# démarrage sur rEFIt impossible



## stedeperp (3 Novembre 2011)

bonjour

pas moyen que mon mac démarre sur rEFIt

installation standard ou manuelle , 2 reboot rien n'y fait
en plus ça fait bugger l'ordi et je dois réparer le disque avec le disque d'installation.

quelqu'un a une idée pour faire fonctionner ce rEFIt ?

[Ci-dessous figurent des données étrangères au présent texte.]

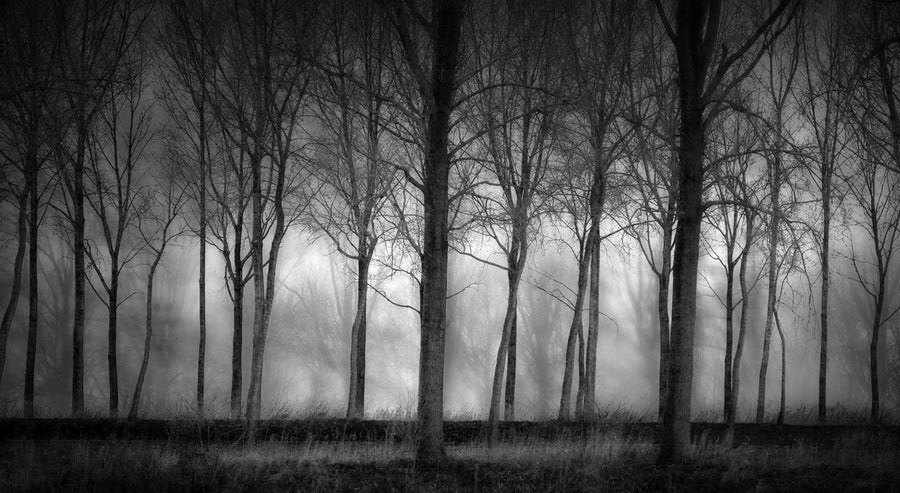 Row Of Trees Mural Wallpaper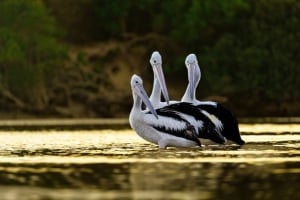 2026 Calendar Thumbnail - Australian Pelican Credit_ Rachel Avery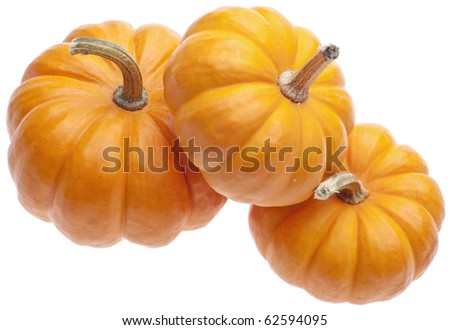 Festive Fall Pumpkins Isolated on White with a Clipping Path.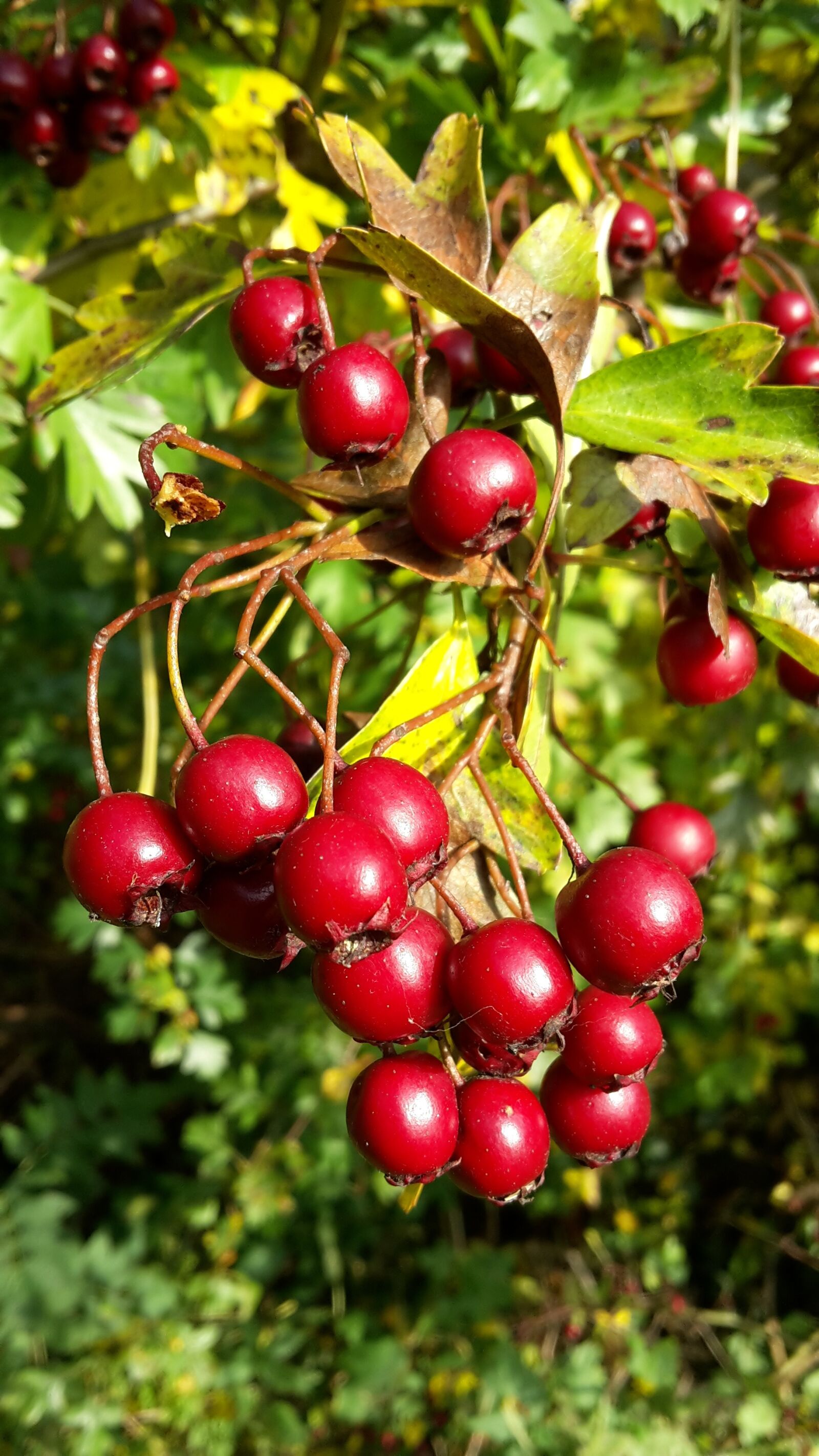 Samsung Galaxy S5 Mini sample photo. Hawthorn, tree, bush photography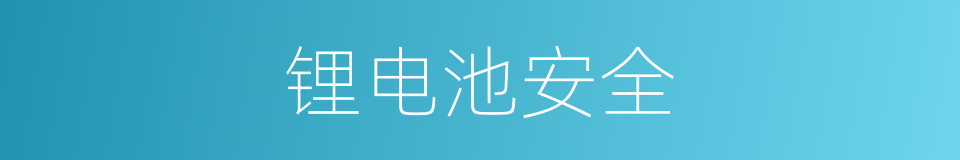 锂电池安全的同义词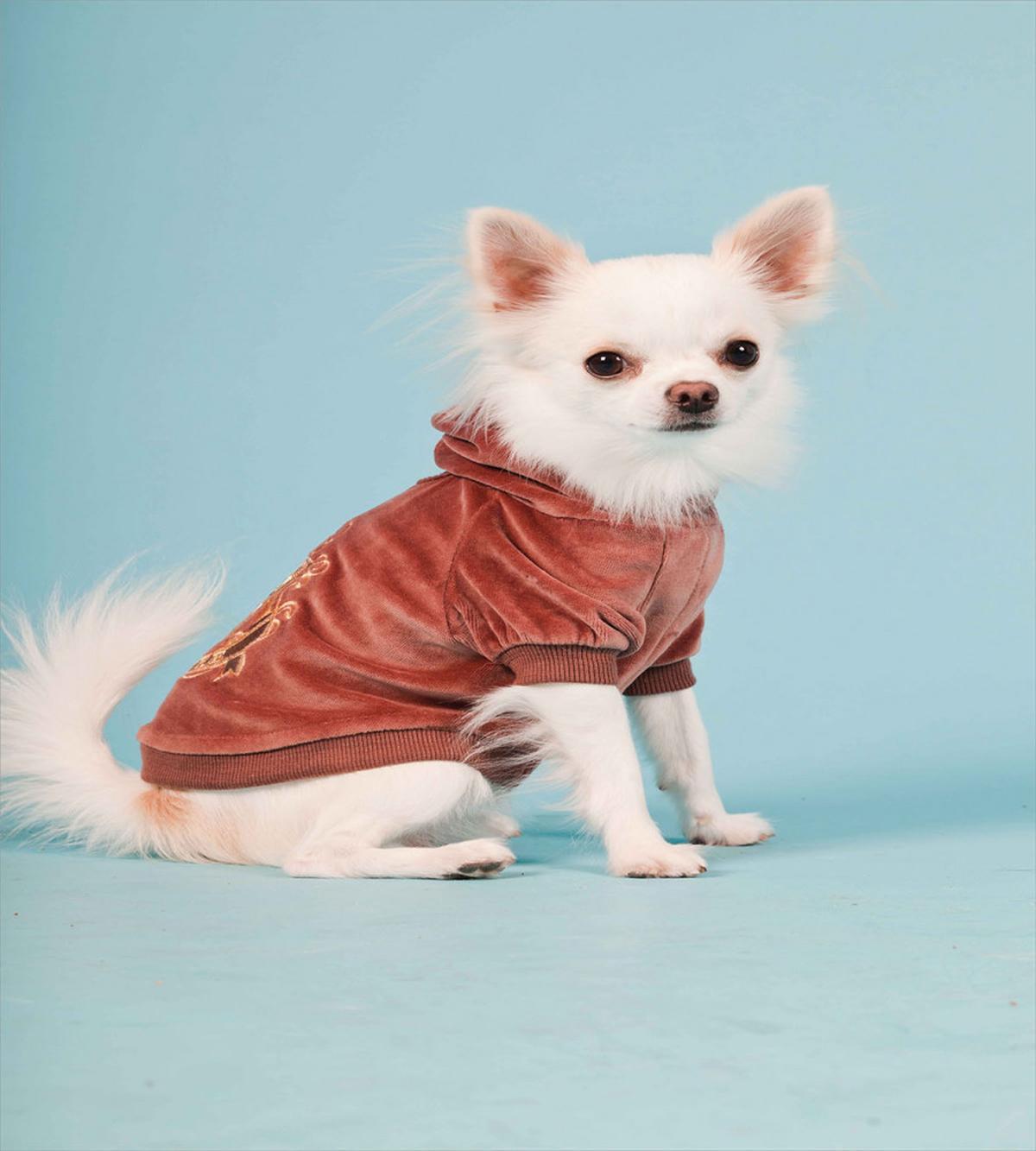 Puppy with Clothes — Pattern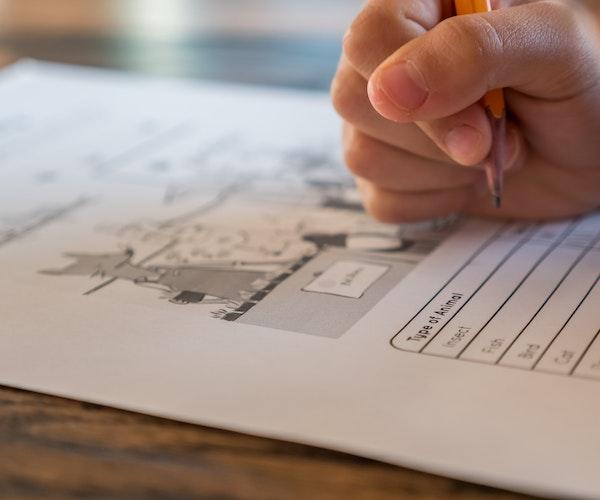 130 000 diplômés du secondaire roumains ont commencé les examens du baccalauréat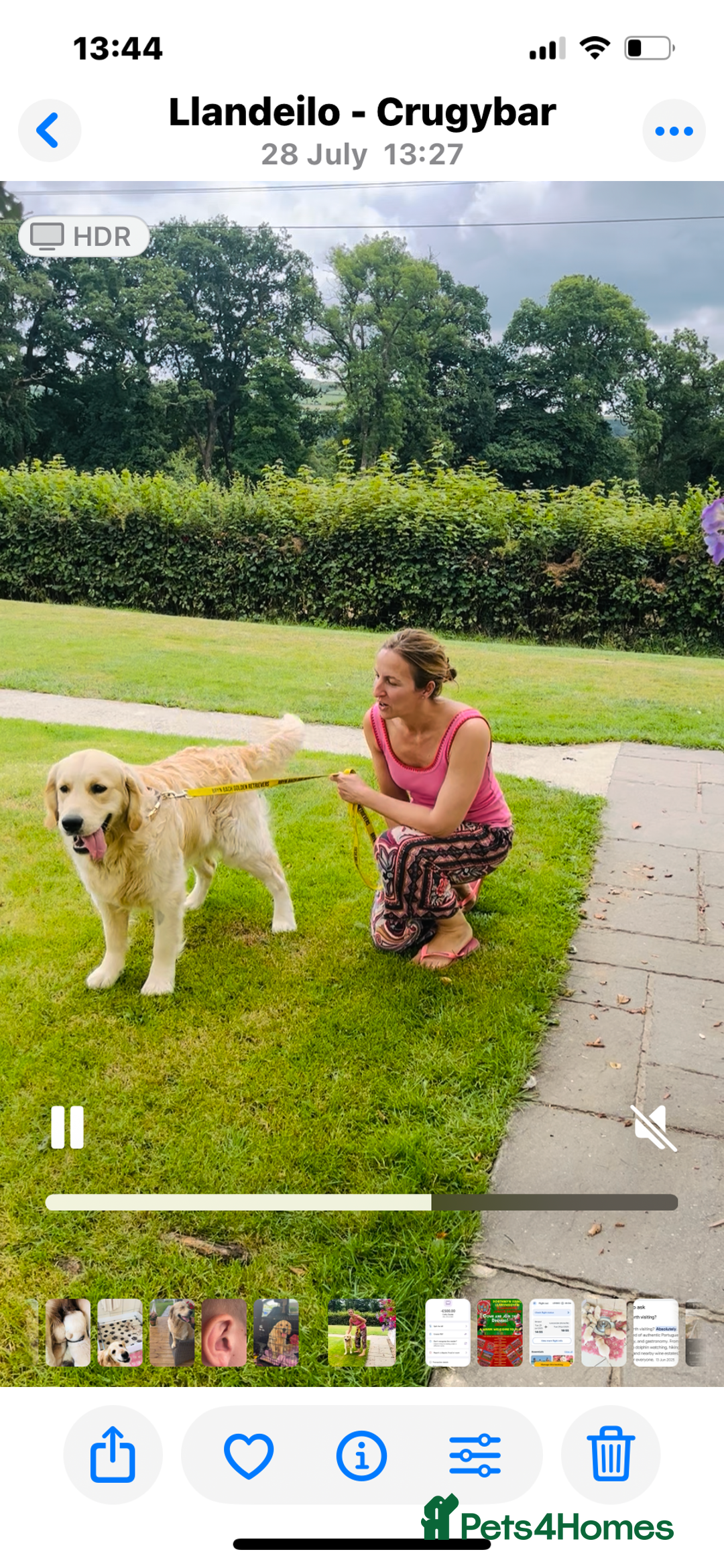 Golden Retriever dogs for sale: Exceptional Golden retriever puppies - Image 6
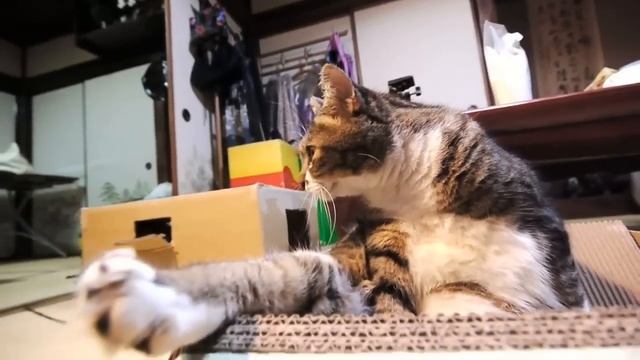 ZUIKO DIGITAL ED 9-18mm F4.0-5.6 ピッピ君 смотреть онлайн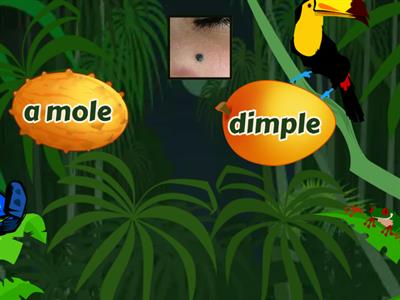 Appearance - 5th year 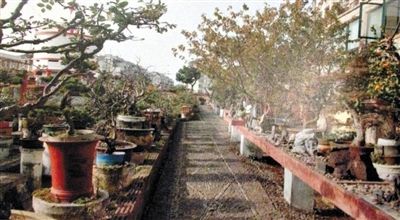 劉光嘉出示博物館內(nèi)部圖片中，擺放著各種盆景。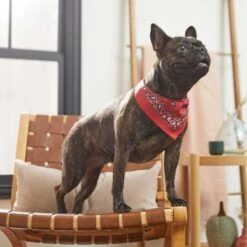 Frisco Red Paisley Dog & Cat Bandana 13 Frisco Red Paisley Dog & Cat Bandana -Frisco Sales Store 267919 PT5. AC SS1800 V1637687581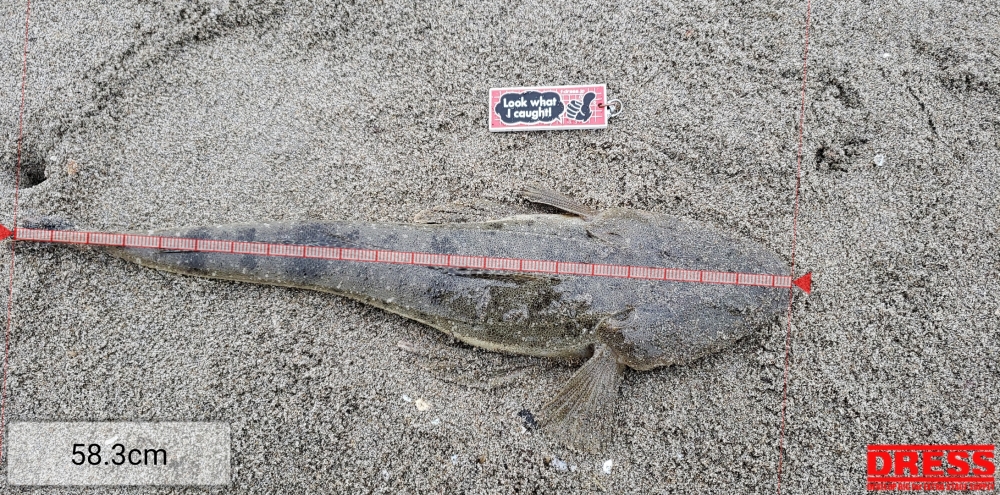 10303_0_e445829193dd7640663e22584e421391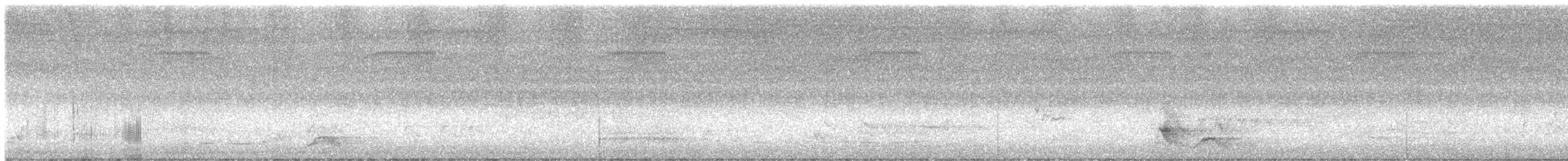 Spotless Crake - ML613789737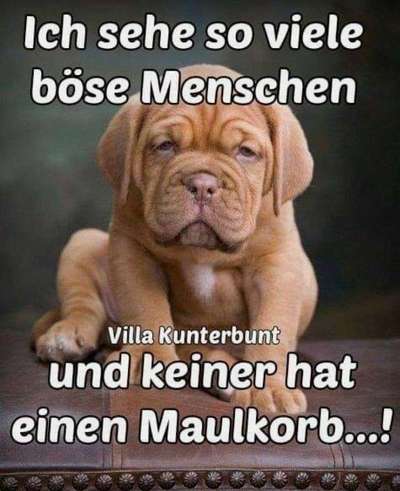 Hunde Memes-Beitrag-Bild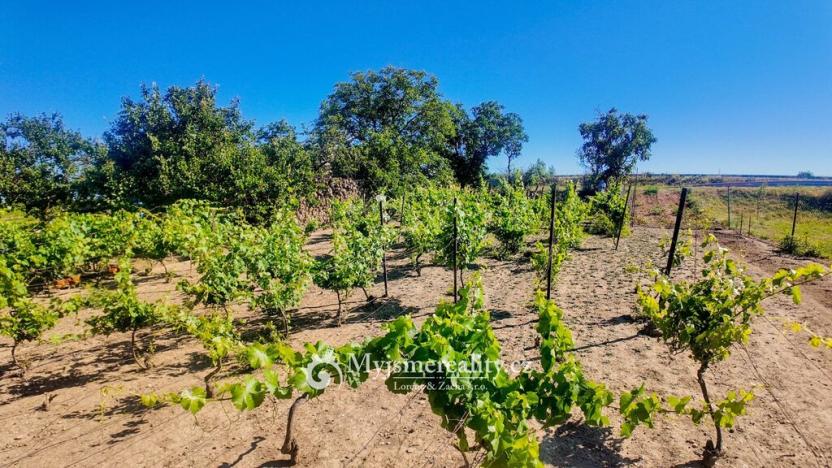 Prodej zahrady, Znojmo, Kuchařovická, 1132 m2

ce qui est marqué pour la réparation:

nombre de fichiers de volume non valide
nombre de répertoires de volumes non valide
nombre erroné de blocs libres du volume
l'en-tête de volume nécessite des réparations mineures

je sais pas si y'a un rapport mais j'ai changer de DD récemment mais il fonctionne pour tout le reste et quand j'enlève rEFIt il va très bien.
(j'ai besoin de refit pour installer windows sans lecteur interne)


----------



## stedeperp (6 Novembre 2011)

depuis que j'ai installer snow leopard ça fonctionne très bien ???

pourtant avant ça marchait aussi avec leopard,

donc je sais pas pourquoi mais le problème est résolu.


----------



## stedeperp (16 Janvier 2012)

en fait ça ne fonctionne pas sur snow non plus.

bon là je suis revenue sur léopard et c'est toujours le même problème refit ne fonctionne pas et fait planter l'ordi avec obligation de réparer le disque.

des idées??


----------